Instructor: Prof. Xuefeng Wang
Office: Gibson Hall 305
Office Hour: MWF 10:00-10:50 or by appointment
Phone: 862-3451
email: xdw@math.tulane.edu

Course Description

Students are expected  to have already  known  the motivation  and background of some of the  basic PDE's (heat, wave and  Laplace equations); they are also supposed to feel comfortable with  Analysis courses (the undergraduate level Real Analysis, the graduate level Lebesgue Theory and baby Functional Analysis, though more linear and nonlinear functional analysis will be taught here when needed ).

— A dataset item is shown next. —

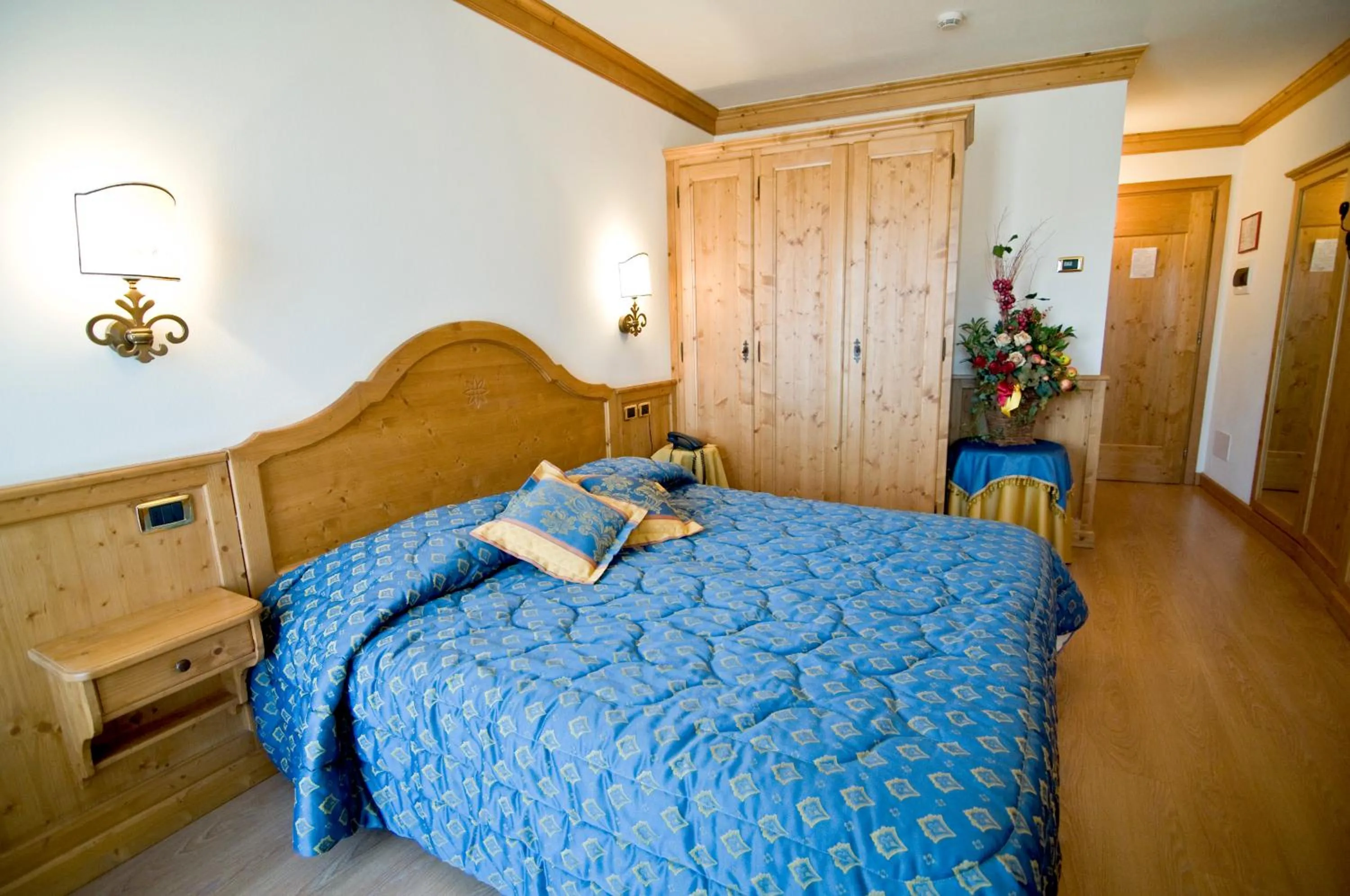 Bed in Albergo Valbella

This is the first semester of the year-long course on basic PDE theories.  The two-semester course will cover the following topics:

  Classical weak and strong maximum principles for 2nd order elliptic and parabolic equations, Hopf boundary point lemma, and their applications. Sobolev spaces, weak derivatives, approximation, density theorem,  Sobolev inequalities, Kondrachov compact imbedding. L^2 theory for second order elliptic equations, existence via Lax-Milgram Theorem, Fredholm alternative, a brief introduction to L^2 estimates, Harnack inequality, eigenexpansion. L^2 theory for second order parabolic and hyperbolic equations, existence via Galerkin method, uniqueness and regularity via energy method. Semigroup theory applied to second order parabolic and hyperbolic equations. A brief introduction to elliptic and parabolic regularity theory, the L^p and Schauder estimates.  Nonlinear elliptic equations, variational methods, method of upper and lower solutions, fixed point method, bifurcation method. Nonlinear parabolic equations, global existence, stability of steady states, traveling wave solutions. Conservation laws, Rankine-Hugoniot jump condition, uniqueness issue, entropy condition, Riemann problem for Burger's equation, p-systems.


Textbook

Partial Differential Equations, by  L. C. Evans

Reference Books



Course Grade
The semester letter grade will be given based on your performance in homework(60%) and the in-class final exam(40%).
Discussions with classmates and me on homework problems are allowed;  rephrasing other people's solutions in your own words is allowed. The in-class final exam will be a close-book one. The problems in the final exam will come solely from my examples and the homework problems.